First impressions were ... ack so washed out! Second impressions were ... ack still washed out! LOL ... needless to say, I have a lot of learning to do as far as taking properly exposed, crisp pictuers with this camera. The photos I've attached have been touched up to darken the exposure. Most were taken with 100 ISO Ilford or Arcos (might have been an Ilford HP 400 that slipped in here too).

Two issues that I'm starting to see:

1) The GSW 690II seems to overexpose its shots. I use a Sekonic L-208 light meter (using both reflective and incident as appropriate) and I've recently taken down the shutter settings from say f16 / 30 to f16 / 60. My shots are getting better exposure but still leaning towards overexposed in my opinion.

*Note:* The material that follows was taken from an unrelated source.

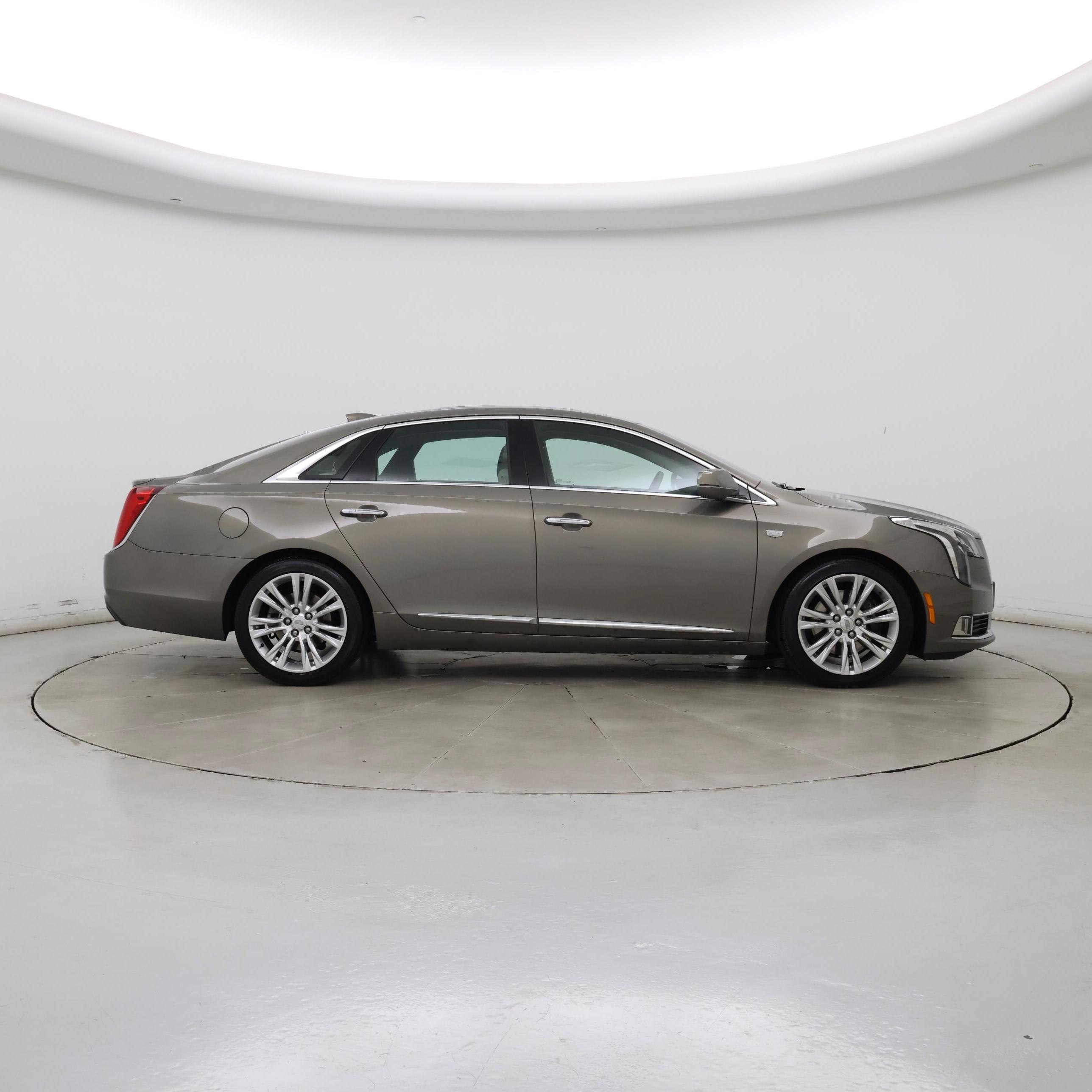 Thumbnail: 2018 Cadillac XTS - 7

2) I'm having trouble getting crisp, focused shots even at higher f stops. I do wear glasses but my eyesite is not so bad. I do take crisp shots on my DSLR. I have not been using a tripod to take my shots but I figure with the larger lens, do I still need to rely on a tripod as much?

As an aside, I am developing the film myself. I'm using Ilford standard developer for 12 minutes with 4x upside down agitation method at the start of each minute. At least 10 sec of stop bath (2x agitation) and then at least 3 minutes of fixer at the same agitation method as developing. I'm using a cleaning agent to do the final 20x rinse.

As far as developing positives, I am just scanning the negatives with an Epson v600 using the adapter trays that came with it. I do get very impatient and scan as soon as the film is dry but still very curly. I try to flatten as much as possible but there is a lot of curl still when I scan. I do have an inquiry into BetterScanning for their 120 adapters. I use VueScan set to transparency mode, b&w negatives, 3200 DPI, light ICE, export to TIF.

I do notice that when printed on 8.5x11, the detail is pretty awesome. But when viewed on screen, not as spectacular.

If anything but for peace of mind, I was thinking abotu sending this camera in to eitehr Fuji directly or one of their designated repair centers to have a look at the focus / viewfinder calibration and shutter speed in particular. Has anyone done this, and do you think it would be worth it?

Any opinions or feedback greatly appreciated!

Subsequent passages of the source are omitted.